I talk to my cat. Does that mean I am talking to myself? She seems to listen...sometimes...
Hope your adrenaline levels drop! Being on high alert all the time can't be good.
Animal brain always lurks in the shadows. Sometimes he can be talked down, but other....
Once one a bus, there was this guy who went around the bus, sitting behind people and starting yelling in their ear. I used to see this guy a lot when I was taking the bus everyday after school. Only once did I see him do this crazy thing.
My self-counseling consists of a rather large group of wise, caring and combative selves.
That's scary, Spark. I had a bad experience on the commuter train a few years ago, when I was going downtown to school. I took the only seat available next to a glowering young man (he grudgingly moved a bag so I could sit.) I heard a clicking noise and looked down. He had a gun out and cocked it to show there were bullets inside. I got off at the approaching stop and found the MARTA police. He suggested I always sit up in the front car with the driver and that's what I did. I had a little trauma from that, too. By the end of two years though, I was driving to school and paying the huge parking money. I was over the public transportation by then. :) Glad you are OK!
DarcKnyt: LOL - Was that you relaxing with an espresso? ;-)
LL Cool Joe: It looked like he hadn't had a haircut in around 6 months. His hair was shaggy, frizzy, and flying everywhere.
Jenski: Happily I was only on an adrenaline high for one day. I'm pretty much back to normal now, just feeling more serious than usual.
Cats are in a grey area.
Ron: Animal brain says ANIMAL BRAIN RULES RRRRAAAARRRH!
wigsf: That sounds very unpleasant.
Granny Annie: In NLP theory our self is referred to as a "bus" full of inner selves who are competing for a chance to drive the bus. I find that to be a useful metaphor.
Lynn: Jeez! OK, your story beats mine hands down for scary/creepy. I'm glad nothing came of it. Wow. <:-o
I believe it's healthy to chat with yourself...I do it all the time. As long as you're not roaring f***!!! on city buses it's a good thing. :)
I know what you mean, too, about the body taking over. Funny, how your heart doesn't forget...emotional pain, fear, excitement...all of that. Sometimes it's actually a pleasant thing.
I hope you start feeling more pleasure from your animal brain rather than discomfort. :)

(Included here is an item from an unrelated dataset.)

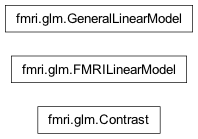 Inheritance diagram of nipy.modalities.fmri.glm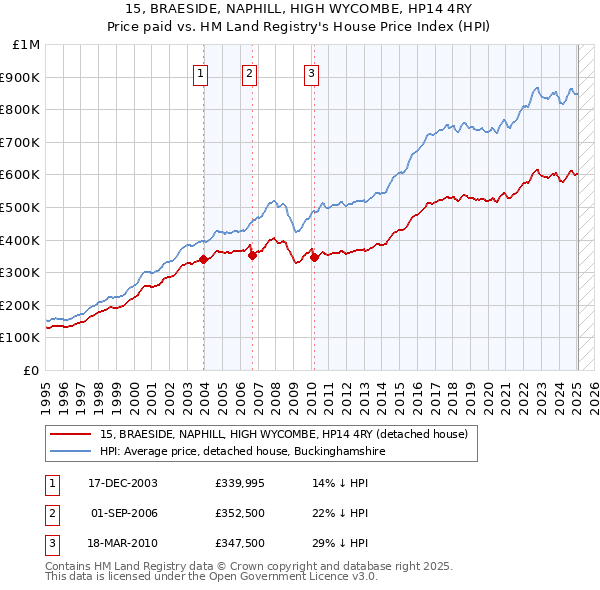 15, BRAESIDE, NAPHILL, HIGH WYCOMBE, HP14 4RY: Price paid vs HM Land Registry's House Price Index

We can always count on Spark! :)
I know this "animal sense" you speak of. I've had a spat with PTSD too, after getting held up at gunpoint at the job I had before I met Darc. Scary stuff, and it's hard to break that cycle.
I'm so glad this guy didn't cause any actual harm. Bad enough dealing with the creepiness factor, but if he'd actually hurt someone, that animal sense would be much harder to argue with. Deer bolt for a reason!